Tom Clancy's Ghost Recon: Island Thunder Review
Ghost Recon Island Thunder is billed as an expansion game to Ghost Recon, which is half accurate. Unlike PC expansion games you don't need Ghost Recon to play Island Thunder. However, like many expansion games in the PC world you get an abbreviated campaign - in this case eight missions with an additional five downloadable via Xbox Live.
The game is set in Cuba in 2009. Castro has finally passed on and there is an ongoing struggle to fill the power vacuum he has left behind. The situation has finally begun to stabilize and free elections have been scheduled. This does not sit well with a local drug lord, though, and he begins to flex some muscle to put an end to the elections and set himself up as the warlord of Cuba. The task of putting an end to the drug lord's power play falls on the shoulders of the U.S. Army's Green Berets, and that's where you come in. You must lead the Ghosts, the elite of the Army's elite, on missions that will take you from Cuba's cities to the heart of its jungles as you do your part to make Cuba safe for Democracy.
There aren't any real changes to gameplay in Island Thunder. You still command two squads of three men each, with the ability to "jump in" and take control of any of them at any time. When you control a soldier, the rest of the three man squad will follow you closely and provide support, and you can issue orders to the other squad.
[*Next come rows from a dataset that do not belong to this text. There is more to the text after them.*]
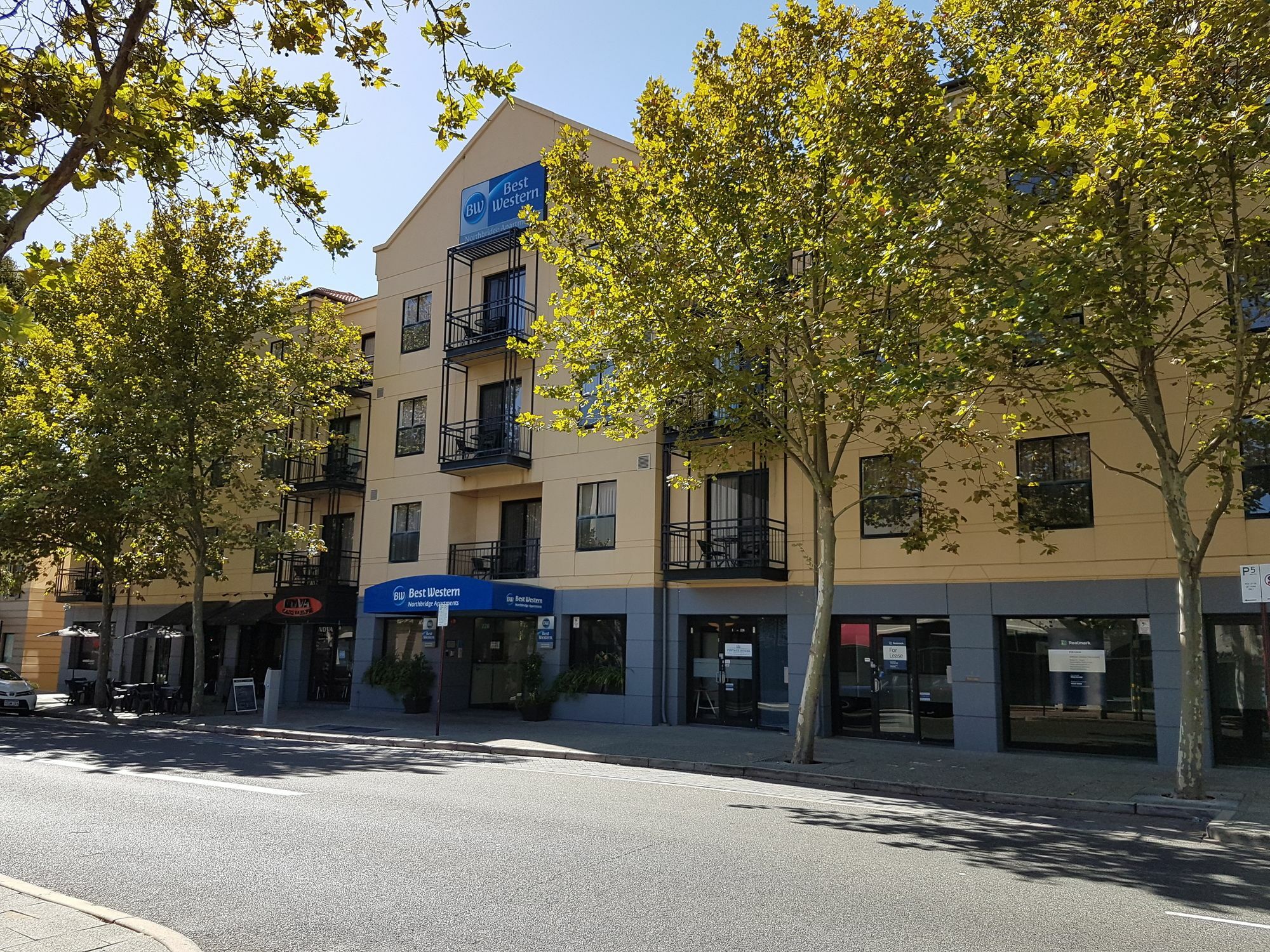 Best Western Northbridge Apartments Perth Exterior photo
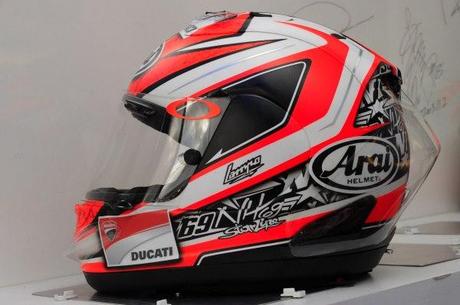 Arai RX-GP N.Hayden 2013 by Starline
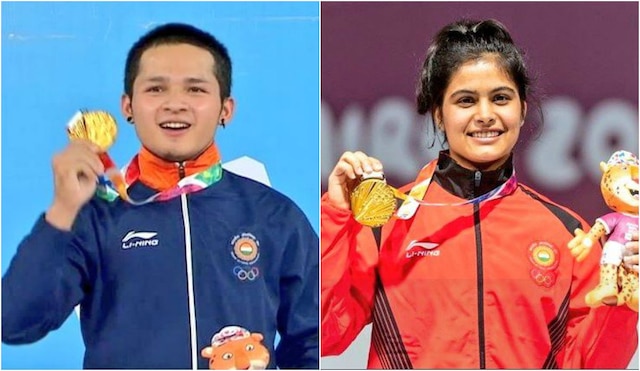 Manu, Jeremy make it a day of golden firsts for India at Youth Olympics Manu, Jeremy make it a day of golden firsts for India at Youth Olympics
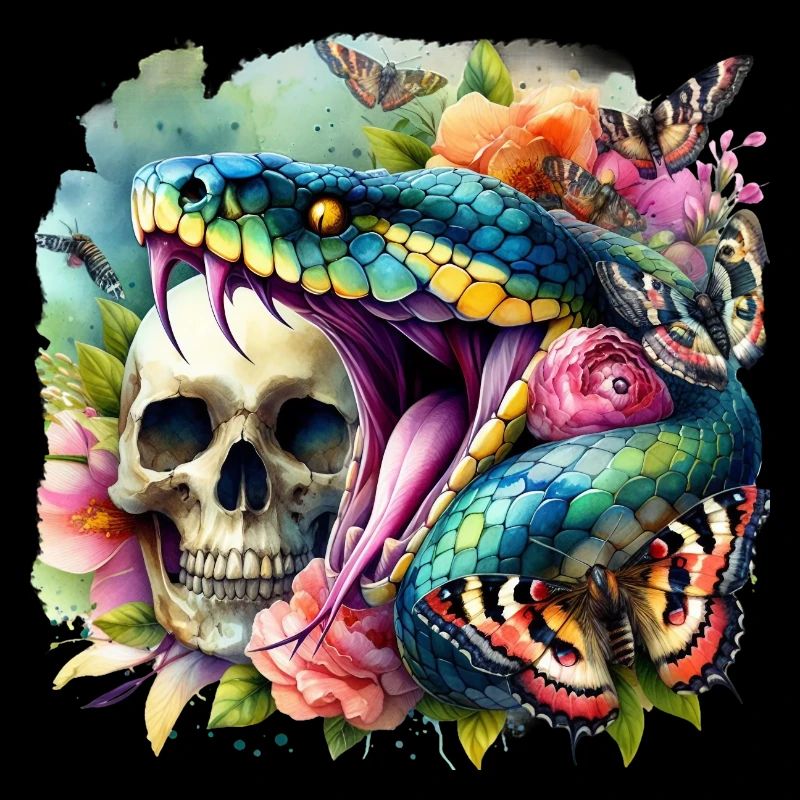 Serpent Crâne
To issue orders you use a map screen and direct their movement and rules of engagement. This map screen will also indicate the location of nearby enemies, which I always found to be an odd feature in a game that strives to be ultra-realistic.
Speaking of realism, Island Thunder delivers the same tense, one shot you're dead gameplay as the original Ghost Recon. The missions set in the jungle are particularly exciting, as the thick foliage and haze from the humidity provide the enemy with plenty of cover. One mission places you in the middle of the jungle at night during a tropical storm and is guaranteed to raise your heart rate and have you sitting on the edge of your couch. Island Thunder also suffers from the same issues as Ghost Recon - your teammates sometimes make boneheaded decisions, your tactical command options are pretty limited, and it is still possible to do major damage to the enemy by sweeping the map with a single sniper - but these issues are not major detractors from enjoyment of the game.
With only eight new missions and no gameplay enhancements, Island Thunder does not provide a lot of game for the lone gamer - especially when you take into account the fact that the game costs nearly as much as a new full game. You can play against the AI on any of the maps from the game's missions, either with the maps' original objectives or in elimination matches against the AI in which you either play the attacker or the defender, but this may not be enough to sustain the interest of many gamers in the game.